Certain sequences are found everywhere in nature.  The Golden Ratio is one such sequence.  It appears in nautiloid structures like snail and sea shells.  It also appears in weather patterns and ocean waves.  Even plants make use of this pattern.  Sunflowers are an example of this along with the placement of leaves along the stalks of plants as well as the placement of limbs on trees.  And these are just examples from the natural world we can observe.  Physics does the same in such notations as the gravitation constant of 9.8m/s2 for falling objects on Earth.

Math follows syntactical rules like language, but the rules are driven towards outcome.  Language works towards an outcome as well, but it is not driven; it meanders compared to math.  With math it is all about operations more so than it is nuance.  To be sure, the complex higher orders of math are nuanced, but not to the degree of language.  That is because even then the subtleties are in the employment of the operating symbols.  Math lacks the ability to create metaphors; which, having a part of catachresis to some extent, defy nature.  We can equate a trait of an animal to a human and have the point be understood with no issues for the validity of the quality.  If you tried to make 2 + 2 = 5 in math without invoking complex rules or synergy, you will be challenged and found at fault for violating the laws of nature.

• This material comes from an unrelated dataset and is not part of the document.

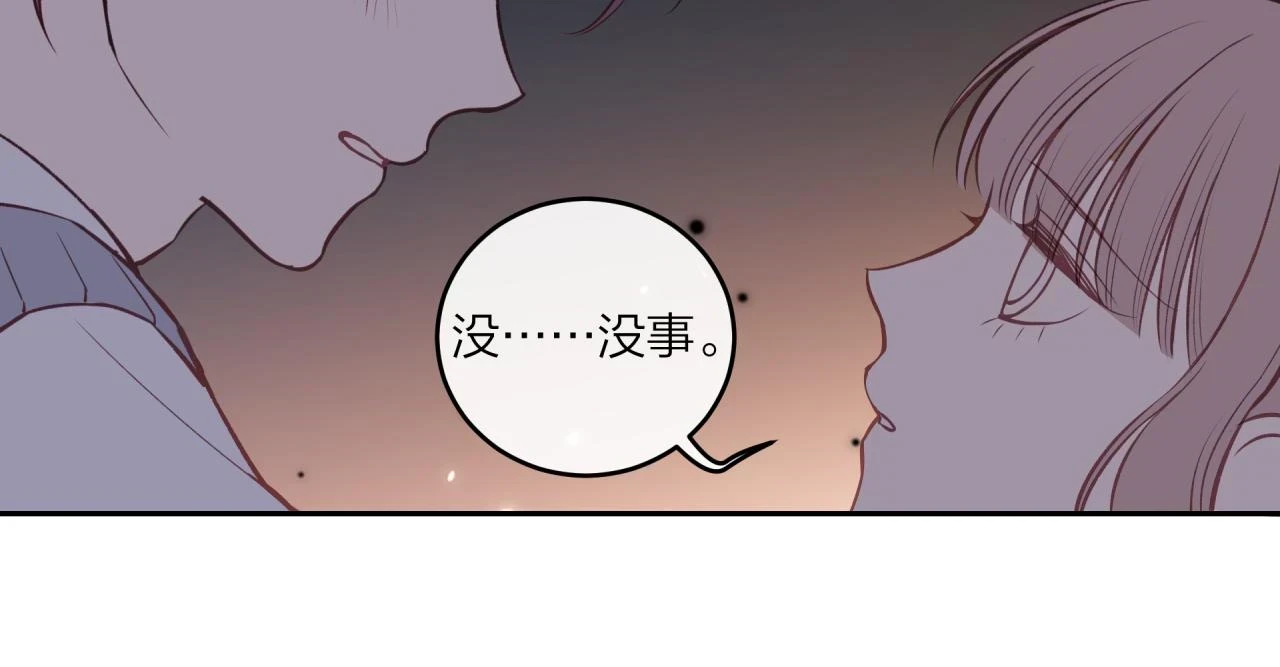 第43话 【明早替换内页】114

The basic structural grammar of math uses the acronym of PEMDAS to describe the order of importance for the main operations in any equation.  Languages also have a strict word order for understanding to be achieved.  In English, the basic structure is SVX (subject, verb, and everything else).  For math, the operations are parentheses, exponents, multiplication, division, addition, and subtraction.  Notice that there are no rules governing where the information subjected to the operands go, save that they must balance out when an equal sign appears.  This lack of “word order” is what makes math operationally-driven.

Consider the following statements: 16 ÷ 2, 2 x 4, 23, and 12 – 4.  All of them have the same resolution.  They are all expressions of the value of 8.  None of these expressions are conceptual.  Given enough objects to see this, you can physically see the answer.  In fact, with most mathematical equations, you can directly observe the results.  Some might require very specific knowledge sets, but observers with said knowledge can see the math in action.  Language does not work this way.  As described in the previous section, words generally have multiple meanings, leaving the sentence open to interpretation based on the concepts bound in the word and the mental image needed to construct the sentence’s intended meaning.

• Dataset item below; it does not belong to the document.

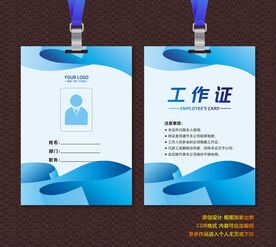 工作证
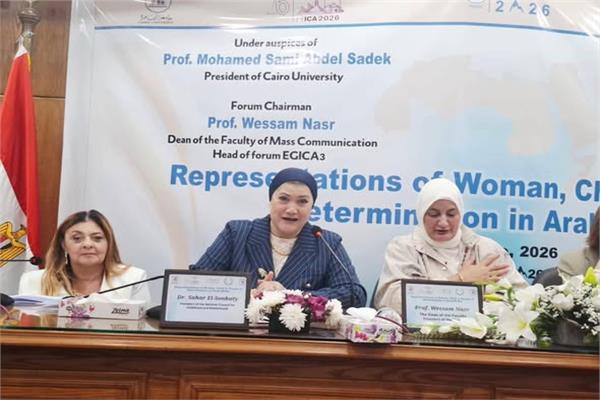  جانب من ملتقى المستجدات البحثية بجامعة القاهرة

But, one might point out, I have left out mathematical formulae and variables.  They are not basic math, for one.  The use of variables as stand-ins for math problems represents the values that will eventually go into an equation, but they are not concepts in math.  Variables and equations are concepts of language of how the world works based on experience and then rendered as equations.  The equation F = ma does not measure force; it tells the observer how to measure force.  Force equals mass times acceleration.  What about the formula d = rt?  This tells us how to measure distance by multiplying the rate of speed by the time of movement.  Let us replace the variables with numbers: 8 = 4 x 2.  Without the equation, is that a measure of distance or force?  Both formulae use the same mathematical operations.  The famous E = mc2 equation is not much different once you reduce c2 to the speed of light squared.  This means once you plug in the number for mass, you can carry out the multiplication just like with F = ma and d = rt.  The concept is not in the operation, it is in what values you select for and the measurement you are making.

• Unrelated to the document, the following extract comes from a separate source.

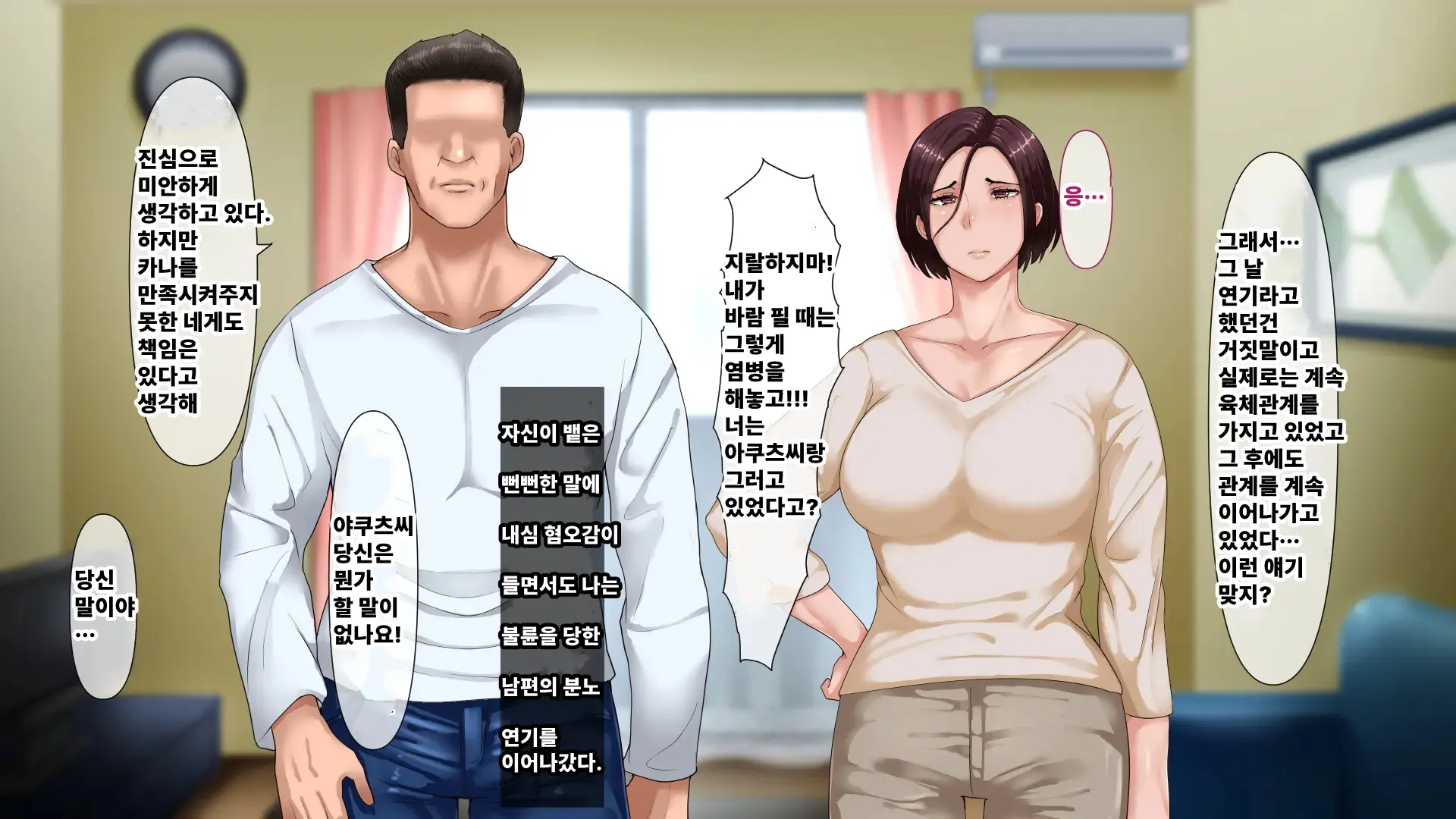Otto Ni Okyuu O Sueyou To Shita Tsuyoki Zuma Ga Yabai Otoko Ni Me O Tsukerarete Shimau Ohanashi | 기가 센 아내가 위험한 남자의 눈에 띈 이야기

The last point bears focus as it is operational in nature.  The act of data selection to parse through an equation’s operands is not a concept, it is information objectively observed.  We assign meaning to measurements so that they have conceptual weight.  To prove this point, let us refer back to the numeric symbol of 8.  Outside of the expressions used thus far, what does it mean?  What does it quantify on its own?  Outside the concepts informing the equations, the result of 8 has no attachments.  For our purposes of understanding the syntax and outcomes of math, the symbol of 8 represents a quantified unknown.  I can express the symbol as the word “eight” and still be no closer to the truth of what is being signified.  The meaning is missing.  In fact, it cannot be found in the word’s definition.

According to the Oxford English Dictionary, the word “eight” is an adjective, and thus, by grammatical rules of the language, requires something substantive (a noun) to follow its use.  The OED also defines the word as a substantive and goes on to define it as “the abstract number eight.”  Other definitions are listed for the adjectival form of the word, but the root of many of the problems in gaming can be seen in the definition of the number as an abstract.  Language does not do abstracts well.  Why?  Because we rely on our eyes to gather the greatest amount of information.  Abstract ideas lack physicality and sensory details we can readily experience or imagine experiencing.  Math cannot tell us what is happening, only the mechanics underlying why it is.  Thus, math can give an exacting answer, but it cannot contextualize it.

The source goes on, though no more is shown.